The restored site will include a poolside café, library, Art Deco ballroom, exercise studio, shared workspace facilities, community rooms and heritage and learning space which will tell the story of Saltdean Lido’s unique social history and celebrate its role in the golden age of the lido movement.
Grade 11* listed
The lido is Grade II*[star] listed, placing it among the top 8% of all listed buildings in England. It is the one of only three Grade II* listed lidos in the country.
The Art Deco lido epitomises some of the best elements of the modernist movement. Designed by the architect Richard Jones, it was built between 1937 and 1938 to elevate Saltdean's status as a fashionable seaside resort. Paying sixpence to enter, residents and holidaymakers flocked to the complex which included a pool, a purpose-built beach and sunbathing lawns.

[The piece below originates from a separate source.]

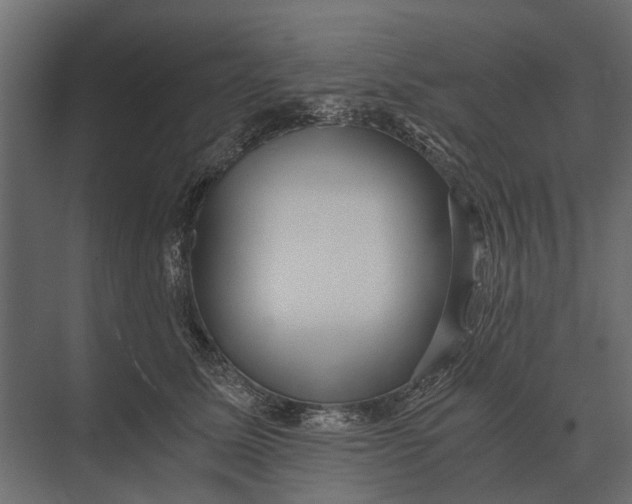 X0000073450611200608181240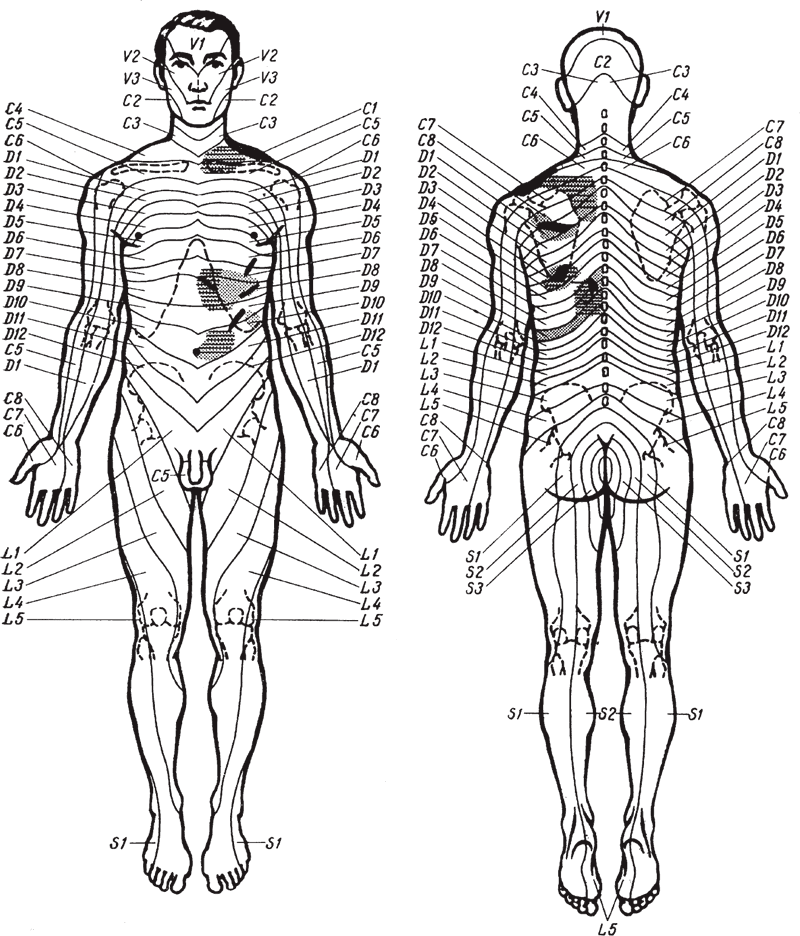 Рис. 119.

But just three years later in 1941, the lido was requisitioned by the National Fire Service who used it as a water tank, and the grounds were used by instructors and fire officers for training exercises. After the Second World War it lay derelict for years. In 1952 the entrepreneur Billy Butlin tried to acquire the site but his plans for an American-style resort were rejected for being 'out of character with the neighbourhood'. Following a complete restoration by Brighton Council, the lido re-opened in 1964 and was a community hub for decades. The lido changed hands in the late 1990s and when in 2010 the leaseholder revealed plans to close the lido forever and redevelop the site, a campaign was set up by local residents to save it - and they succeeded.
Heritage at Risk
It is on the Heritage at Risk Register mainly because of the poor state of the original reinforced concrete walls, which have suffered corrosion due to building’s exposed coastal location.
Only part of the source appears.